Would you think I'm crazy if I told you that I actually love planning for the school year?  I really do. I'm one of those people who needs to have a plan.  I haven't yet decided if it's a blessing or curse.

When I plan for the school year, I always plan with the end result in mind. I'm horrible at starting small with daily lessons and working my way toward a year's worth of plans. I really don't think I could do it that way.  Not that there's anything wrong with it, it's just not how my mind works. I have to think about where I need my students to be at the end of the year (according to my goals and my state's expectations via our standardized test) and work backwards from there. I like to layout one subject at a time, because it's hard for me to juggle multiple subjects.  I typically start with math, since it's my favorite.

I first print out all of my standards (for the hundredth time) and decide what units I need to teach, and all of the standards and skills in each unit. I usually create a table for each unit I teach, and I write every skill that I will need to teach underneath the unit.

Once I know which skills and standards I plan to teach within each unit, I begin pacing my units. I have an advantage, because I've been teaching third grade for a while now, so I have a good idea of what to expect. For example, thanks to incredible second grade teachers, I know that I will probably only need to spend a week on place value and a week on addition and subtraction. For me, the hardest units to pace are social studies and science, because I have so much to teach in such a short period of time! You can see below how many small units I have to teach!  It's not nearly that bad with my other subjects! 

As I begin pacing my units, I have to keep in mind all of the procedural lessons I teach during the first 9-weeks, and that my students will take their state test during the middle of the fourth 9-weeks. I also have a curriculum map that I have to keep in mind, but I do try to use a good dose of common sense along with the curriculum map, because there are definitely some things that just don't add up!

I also have a visual pacing guide that I shared last summer. I've made several changes to it, so I've created many new things since last summer!

Once I have my units mapped out, it's so much easier for me to actually plan lessons for that unit. I like having a time frame to plan around, because it's is so incredibly easy for me to lose track of time once I'm in the middle of teaching a unit. I could seriously drag some units out for weeks, when in reality there just isn't time. When I write my units, I try to incorporate a variety of instructional practices and techniques to keep learning interesting and fun for my students. I also try to create activities that will lend themselves toward differentiation and to think about how I can formally and informally assess my students.

If I'm feeling overly ambitious, I also try to organize my units into weekly plans. The picture below is just a really rough outline of what my weekly unit overview might look like. Don't judge the handwriting:)
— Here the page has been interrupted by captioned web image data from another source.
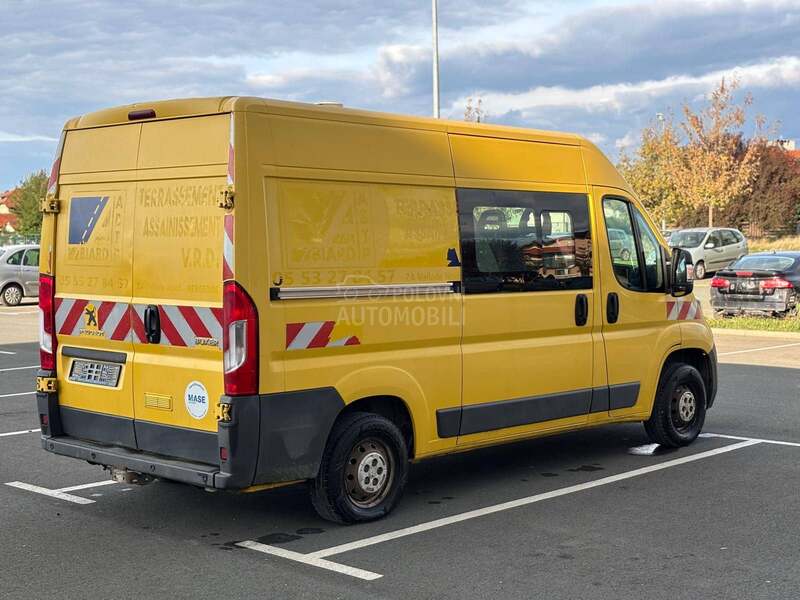 Peugeot Boxer 2.2 HDi 7 sedista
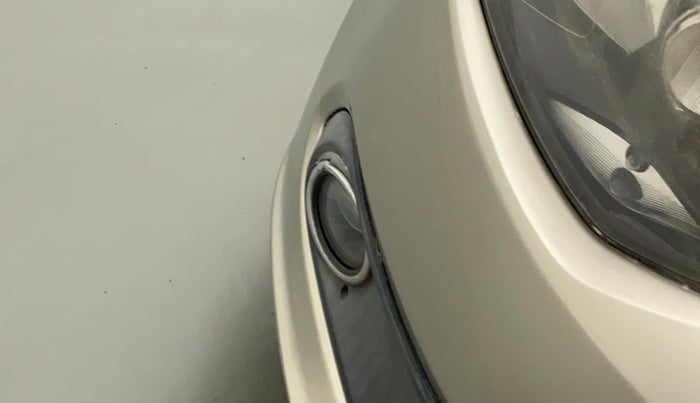 2013 Volkswagen Vento HIGHLINE DIESEL 1.6, Diesel, Manual, 95,103 km, Right fog light - Not working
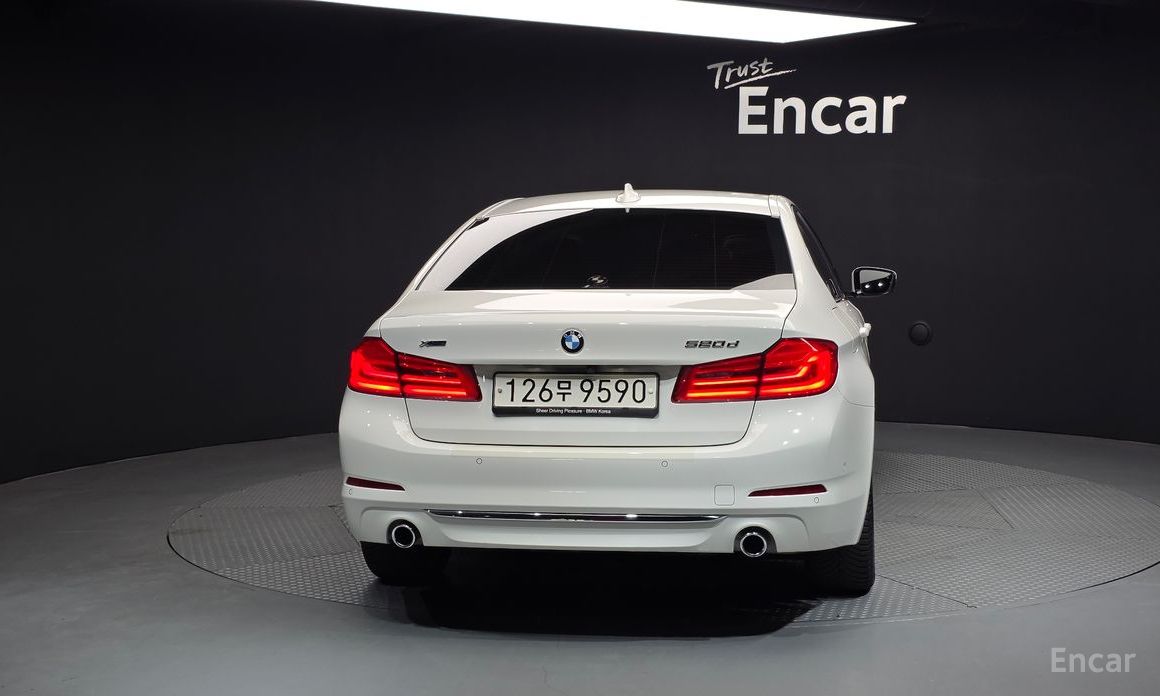 2020 BMW 5 серии VII (G30/G31) 520d Luxury Plus с пробегом 76 676 км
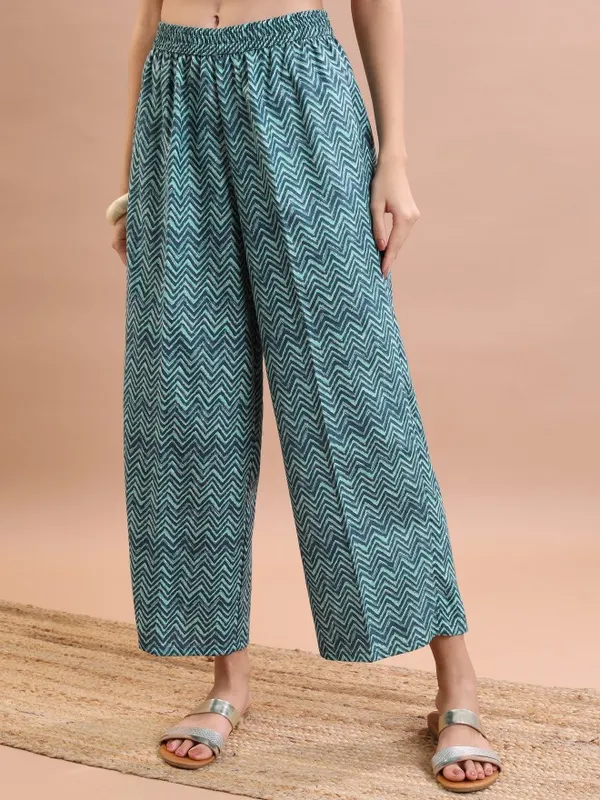  Vishudh Women Teal Printed Kurta Sets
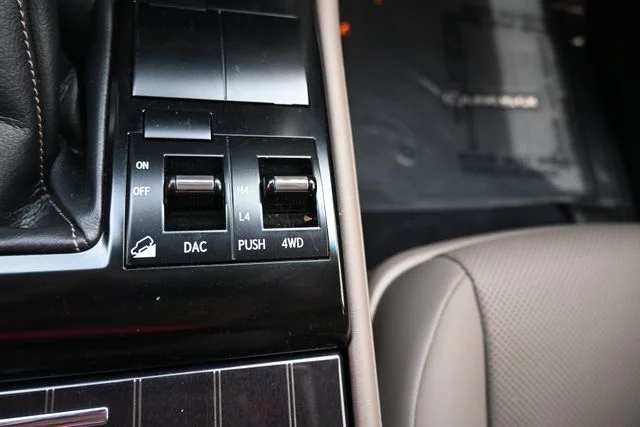 Certified Used 2021 NEBULA GRAY PEARL Lexus 460 image 34
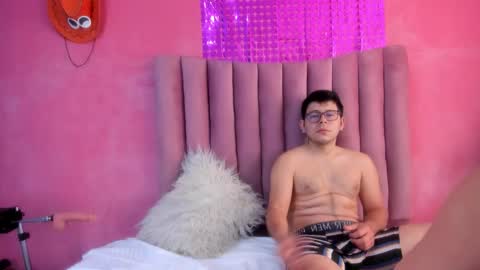 Snapshot of toxiclove01 chatting on 09.30.25 toxiclove01 online show from 09.30.25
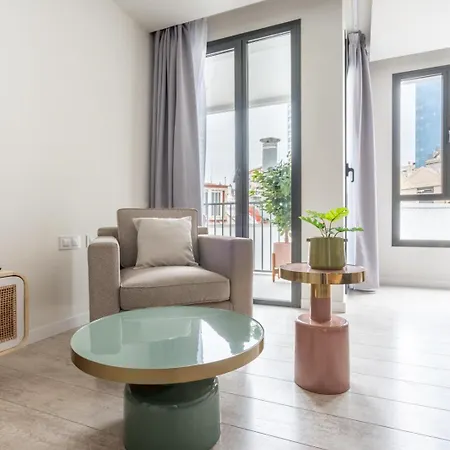 Limehome Rector Triado * Barcelona
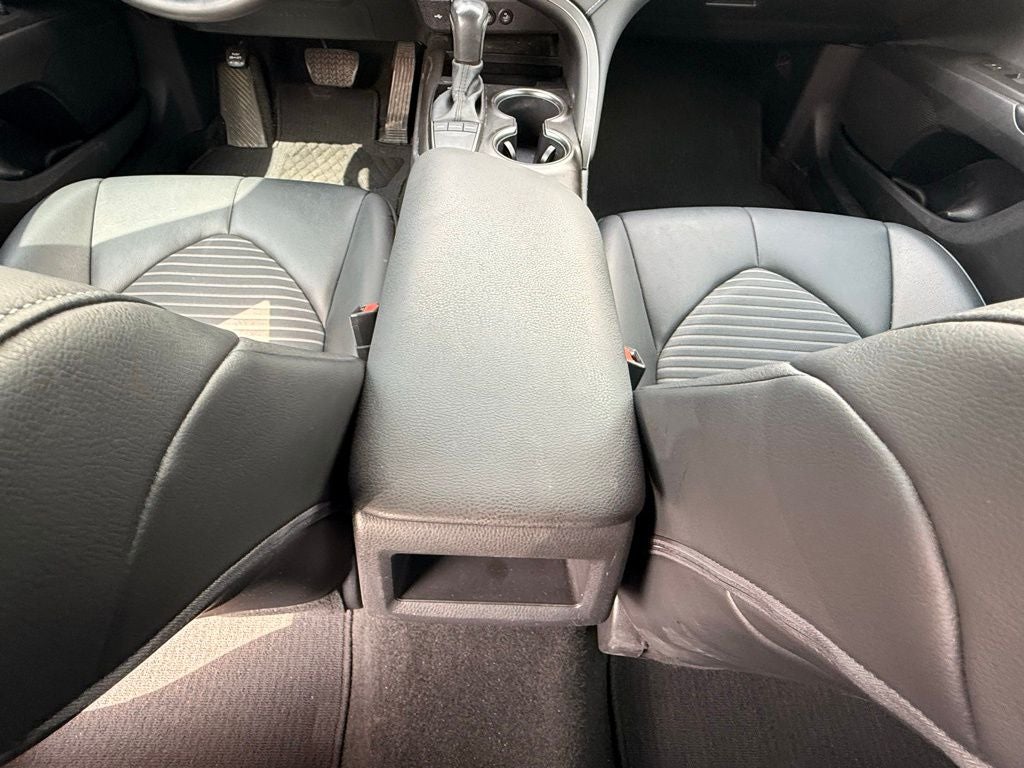 2022 Toyota Camry SE 1 OWNER / CLEAN CARFAX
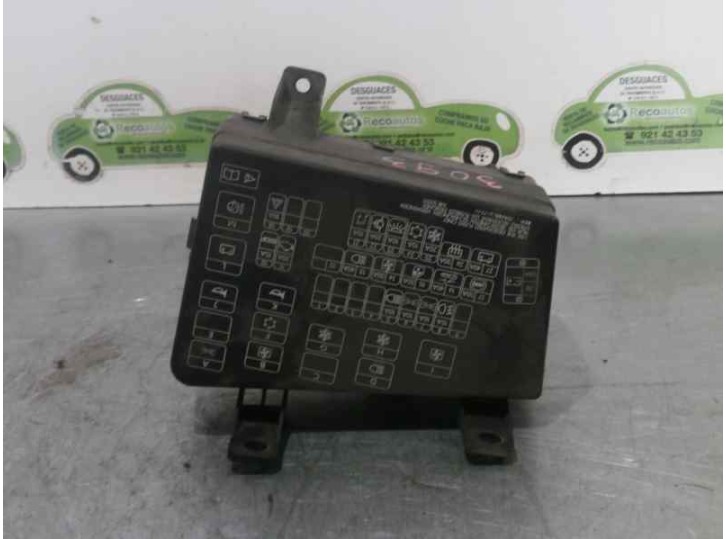 Recambio de caja reles / fusibles para mitsubishi space star (dg0) 1.3 cat referencia OEM IAM 98600 SIEMENS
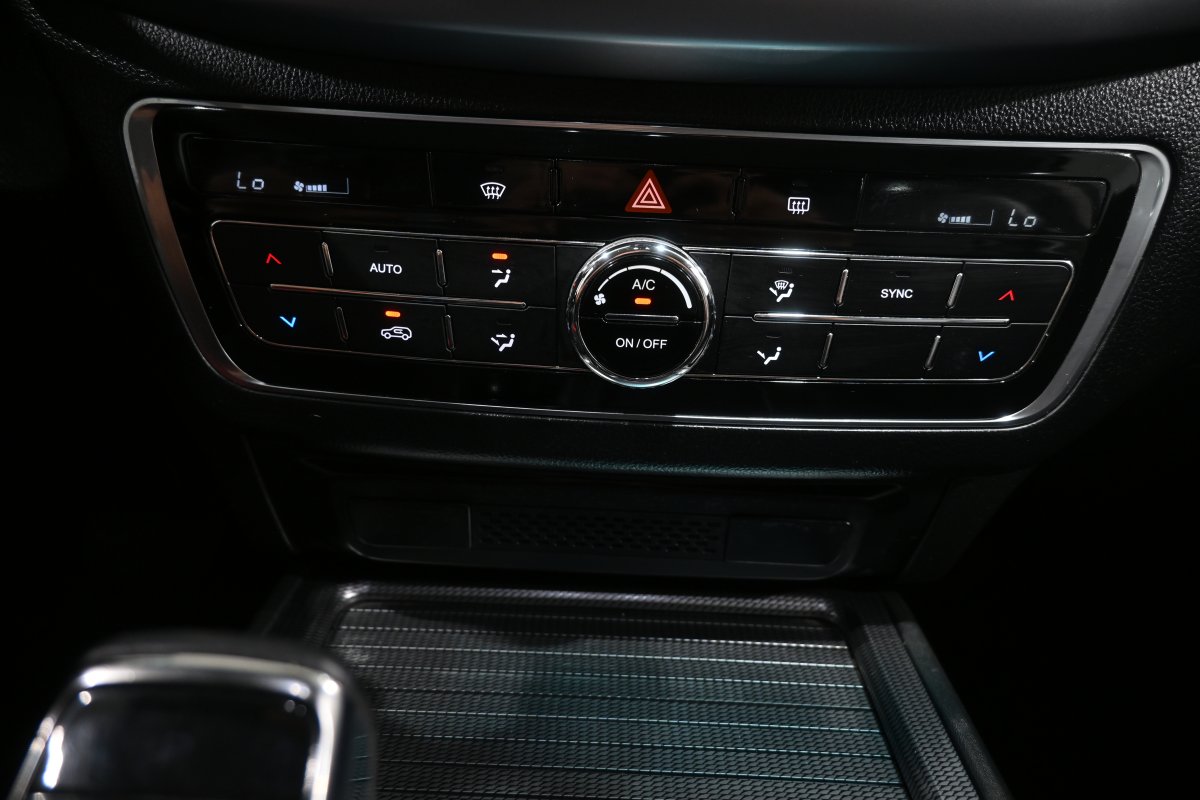 Foto Ssangyong Rexton 17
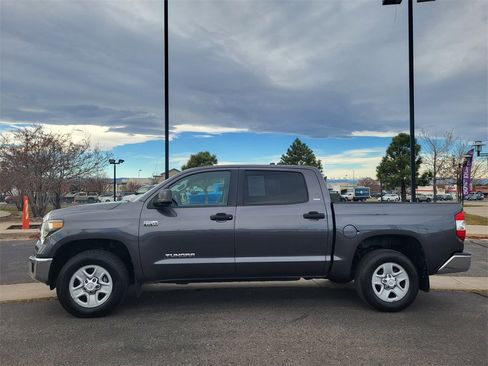 Used 2018 Toyota Tundra SR5 w/ SR5 Upgrade Package image 8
Of course nothing can be set in stone, because who really knows how what's going to happen during the year or how your students will respond to certain concepts and lessons. This is just an outline to make day-to-day planning easier. If I need an extra day on something, I take it, but I do try to stay on pace all year long.  I constantly assess during all of my units to see if I need to add or take away anything, because I don't want to end the unit and my class still not understand the concept.  However, I don't teach in a perfect world, and it does occasionally happen. In those instances, I often try to squeeze in a few extra lessons, especially on essential skills.  Fortunately, it's usually only a small handful of students still struggling with the concept, so I do keep moving forward. However, I'll continue meeting with those students in a small group on that skill.

My daily lesson plans come last, and those are my least favorite to write. I think that's where you really have to look at your students and decide how to make the most out of each of your lessons. That's when I really think about how I plan to differentiate for my students, because it's hard to plan that in advance. I also like to use my informal assessments to help guide my daily plans, because I just never know what surprises my students will have in store for me!